| The costs incurred and expected to be incurred in connection
with such activities have not had, and are not expected to
have, a material impact to the Company’s financial position.
With respect to results of operations, related charges have
averaged less than 2% of annual net earnings. Such accruals
as of December 31, 2002, without consideration for the related
contingent recoveries from insurance carriers, are less than
2% of total liabilities.
Because of the regulatory complexities and risk of unidentified
contaminated sites and circumstances, the potential exists
for environmental remediation costs to be materially different
from the estimated costs accrued for identified contaminated
sites. However, based on all known facts and expert analyses,
the Company believes it is not reasonably likely that identified
environmental contingencies will result in additional costs
that would have a material adverse impact to the Company’s
financial position or operating results and cash flow trends.
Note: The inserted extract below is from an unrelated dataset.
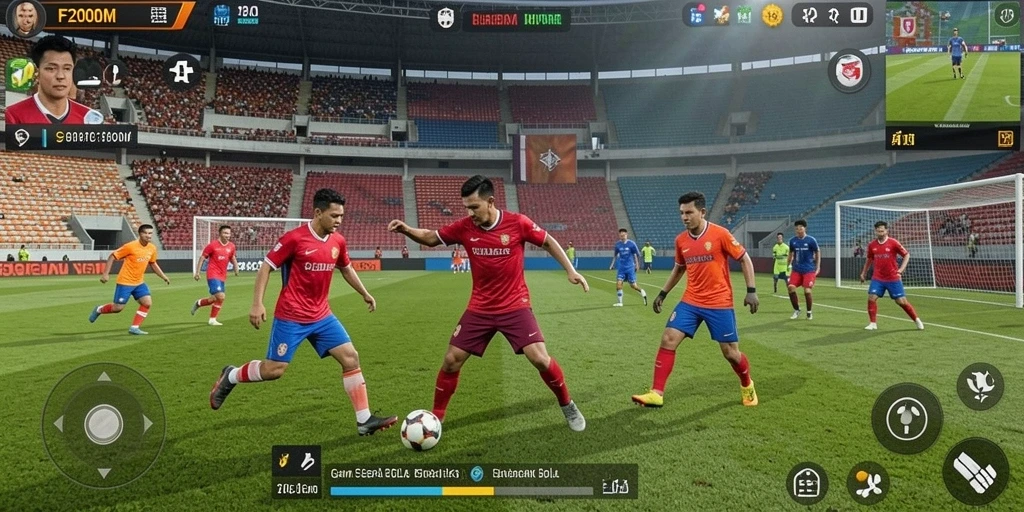 Tangkapan layar utama F200M menampilkan aksi seru di lapangan sepak bola.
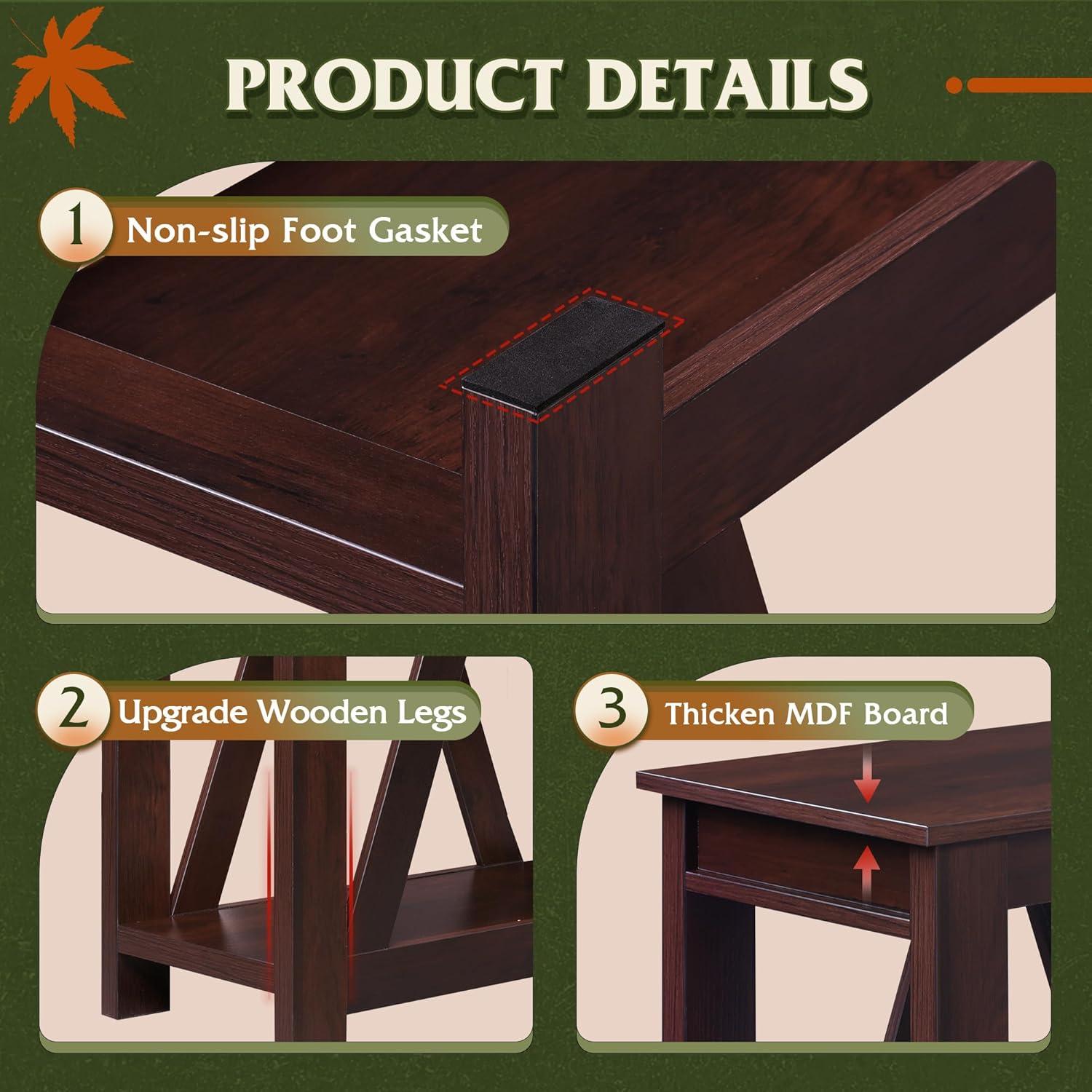 WLIVE Narrow End Table with Charging Station of Open Storage Shelf，Sofa Side Table with 2 USB Ports and 2 Power Outlets，Slim Farmhouse End Table for Small Spaces，Bedroom, Living Room, Espresso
The Company is subject to U.S. Government investigations
from which civil, criminal or administrative proceedings could
result. Such proceedings could involve claims by the government
for fines, penalties, compensatory and treble damages, restitution
and/or forfeitures. Under government regulations, a company,
or one or more of its operating divisions or subdivisions,
can also be suspended or debarred from government contracts,
or lose its export privileges, based on the results of investigations.
The Company believes, based upon all available information,
that the outcome of any such government disputes and investigations
will not have a material adverse effect on its financial position
or continuing operations.
In 1991, the U.S. Navy notified McDonnell Douglas (now a
subsidiary of the Company) and General Dynamics Corporation
(the “Team”) that it was terminating for default the Team’s
contract for development and initial production of the A-12
aircraft. The Team filed a legal action to contest the Navy’s
default termination, to assert its rights to convert the termination
to one for “the convenience of the Government,” and to obtain
payment for work done and costs incurred on the A-12 contract
but not paid to date. As of December 31, 2002, inventories
included approximately $583 million of recorded costs on the
A-12 contract, against which the Company has established a
loss provision of $350 million. The amount of the provision,
which was established in 1990, was based on McDonnell Douglas’s
belief, supported by an opinion of outside counsel, that the
termination for default would be converted to a termination
for convenience, and that the best estimate of possible loss
on termination for convenience was $350 million.